» **What is being asked**:
Retype the lines of the listing below exactly, but only those from the one containing "Die Geheimschrift" through the last line; pictures stay out.

» **Material for the task**:
================

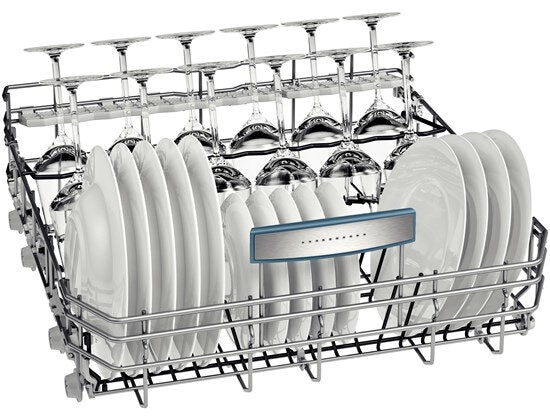 Bosch SMI69N65EU lavastoviglie A scomparsa parziale 14 coperti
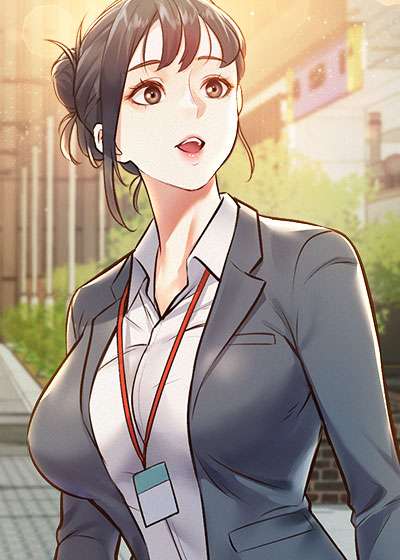 건물마다 컨셉이 다름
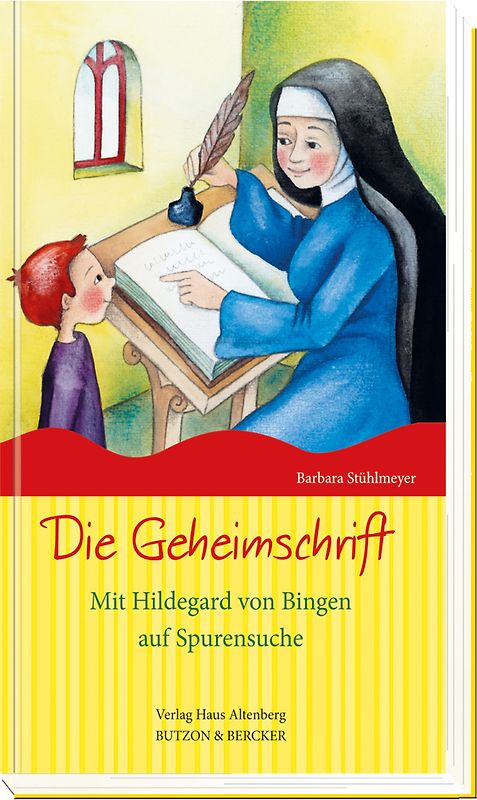 Die Geheimschrift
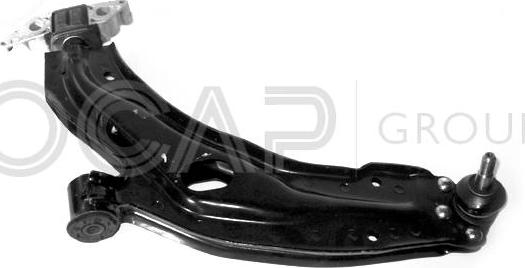 OCAP 0793814 - Track Control Arm www.autospares.lv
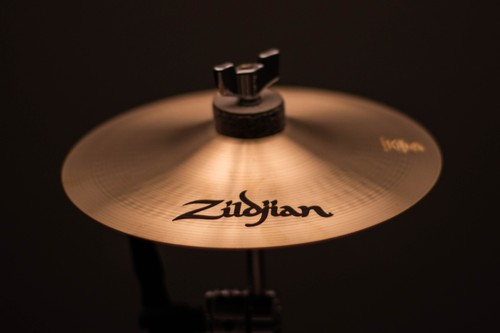 Zildjian a splash - zildjian,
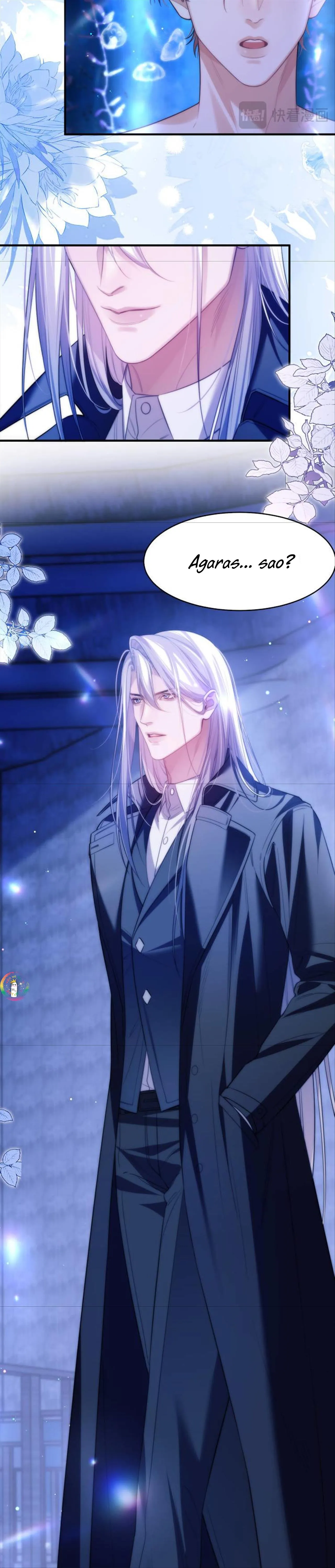 Nhân Ngư Desharow Chapter 60 Trang 5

================

» **Expected answer**:
 Die Geheimschrift
 OCAP 0793814 - Track Control Arm www.autospares.lv
 Zildjian a splash - zildjian,
 Nhân Ngư Desharow Chapter 60 Trang 5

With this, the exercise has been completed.